When I was young roast beef and Yorkshire pudding or roast lamb and mint sauce were a regular Sunday lunch. Roast pork not so often as it was more expensive and roast chicken was a special occasion meal.
Fish was a cheaper mid week meal, we often had cod steaks which you dont see now. Salmon was very much a luxury. Of course there was very little factory farming and most of our food was produced in this country.
We would look forward to the first new potatoes, runner beans, peas,local tomatoes and strawberries.
Now chicken and beef is imported by the ton to satisfy our appetite for ready meals and take aways. Shelves are groaning with cheap imported pork and farmed salmon.
Now you can buy anything you want at any time of the year. Huge red tasteless strawberries and tomatoes, all kinds of exotic fruit and vegetables but is having the variety better?
When I was small I saw a kiwi fruit for the first time and asked my mother to buy one for me. I ate it there and then , when my mother asked what it was like I said like a big hairy grape with tough skin and a lot of seeds, I still don't like them .
So have we sacrificed quality and home produced for variety and quantity, I think we have.
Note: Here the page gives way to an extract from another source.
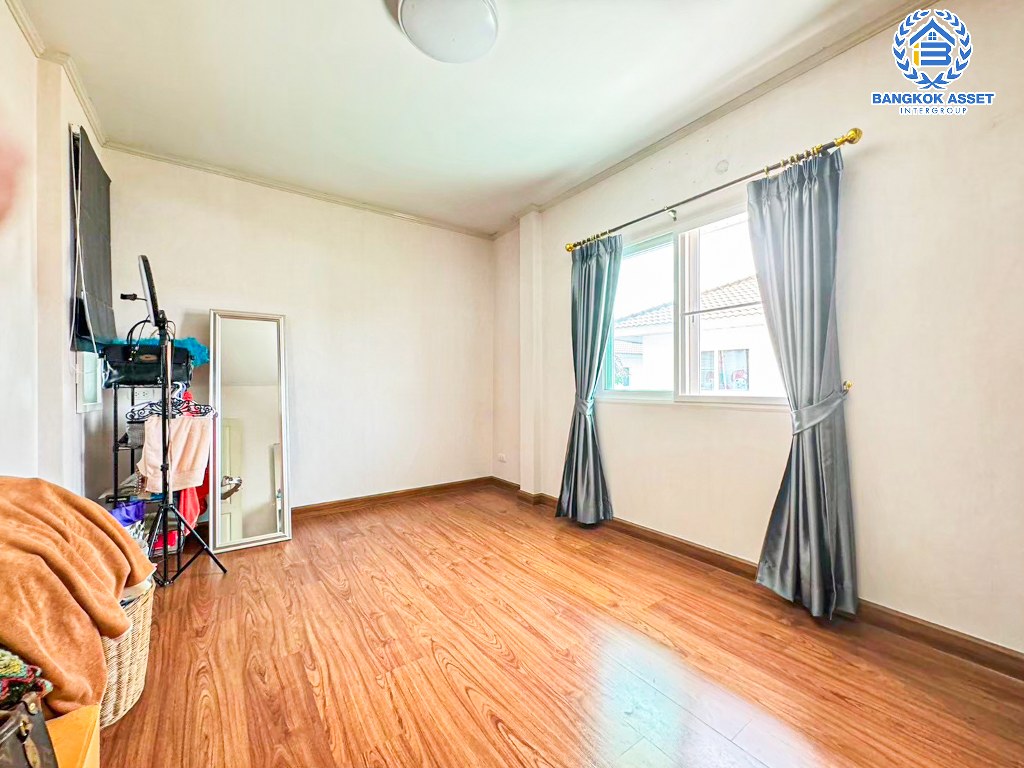 *****บ้านเดี่ยวมือสอง โครงการ ศุภาลัยวิลล์ วงแหวน-ปิ่นเกล้า หลังมุม เนื้อที่ 71.30 ตร.ว. ฟังก์ชัน 3 ห้องนอน 3 ห้องน้ำ 2 ที่จอดรถ ภายในสภาพดีเยี่ยม แถมได้พื้นที่ข้างบ้านกว้าง บรรยากาศเป็นส่วนตัว โครงการบนทำเลเดินทางสะดวก เชื่อมต่อถนนกาญจนาภิเษก ถนนนครอินทร์ ซอยวัดพระเงิน ใกล้จุดขึ้นทางด่วน "ศรีรัช"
Oreo Mon 09-Feb-26 09:17:49

It’s an interesting question.
It’s good to have more choice but better to wait for seasonal produce which have more taste and less air miles.
Too much salt and processed food is making us a nation of fat people, with all the added health problems.
Fast food outlets proliferate throughout our towns and cities.

keepingquiet Mon 09-Feb-26 09:23:49

Seasonal fruit and veg are still available, you don't have to buy tasteless strawberries in winter. I certainly don't.

Maybe we had better taste-buds as children? Our ability to taste certain things changes as we get older anyway.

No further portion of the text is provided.